Personal information
- Full name: Cyril Arthur Edge
- Born: 14 October 1916 Ashton-under-Lyne, Lancashire, England
- Died: 5 October 1985 (aged 68) Ormskirk, Lancashire, England
- Batting: Right-handed
- Bowling: Right-arm fast-medium

Domestic team information
- 1936–1938: Lancashire
- 1939: Minor Counties

Career statistics
| Competition | First-class |
| Matches | 9 |
| Runs scored | 17 |
| Batting average | 5.66 |
| 100s/50s | –/– |
| Top score | 15* |
| Balls bowled | 1,604 |
| Wickets | 29 |
| Bowling average | 30.10 |
| 5 wickets in innings | – |
| 10 wickets in match | – |
| Best bowling | 4/71 |
| Catches/stumpings | 2/– |
- Source: Cricinfo, 5 May 2012

= Cyril Edge =

English cricketer

Cyril Arthur Edge (14 December 1916 – 5 October 1985) was an English cricketer. Edge was a right-handed batsman who bowled right-arm fast-medium.
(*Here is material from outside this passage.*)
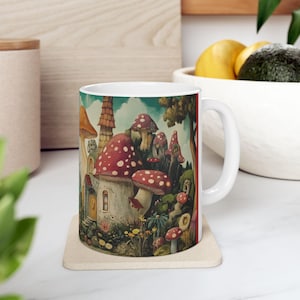 Whimsical Mushroom Houses Fairy Tale Ceramic Mug, Unique Gift for Tea Lovers, Cozy Fae Home Decor, Fantasy Art Drinkware,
He was born at Ashton-under-Lyne, Lancashire.

Edge made his first-class debut for Lancashire against Worcestershire at Old Trafford in the 1936 County Championship. He made seven further first-class appearances for the county, the last of which came against Essex in the 1938 County Championship. In his eight first-class appearances for Lancashire, he took 25 wickets at an average of 30.36, with best figures of 4/71. A poor batsman, he scored just 2 runs from five innings, averaging 0.66. He also represented the Lancashire Second XI in the Minor Counties Championship, which allowed him to represent a combined Minor Counties team against the touring West Indians at Lord's in 1939. Batting first, the West Indians made 370 all out, with Edge taking figures of 4/97 from sixteen overs. The Minor Counties responded in their first-innings by making 310 all out, with Edge himself ending the innings not out on 15, his highest score in first-class cricket. In their second-innings, the West Indians were reached 138/4, with edge bowling five wicketless overs. The match ended as a draw.

He died at Ormskirk, Lancashire, on 5 October 1985.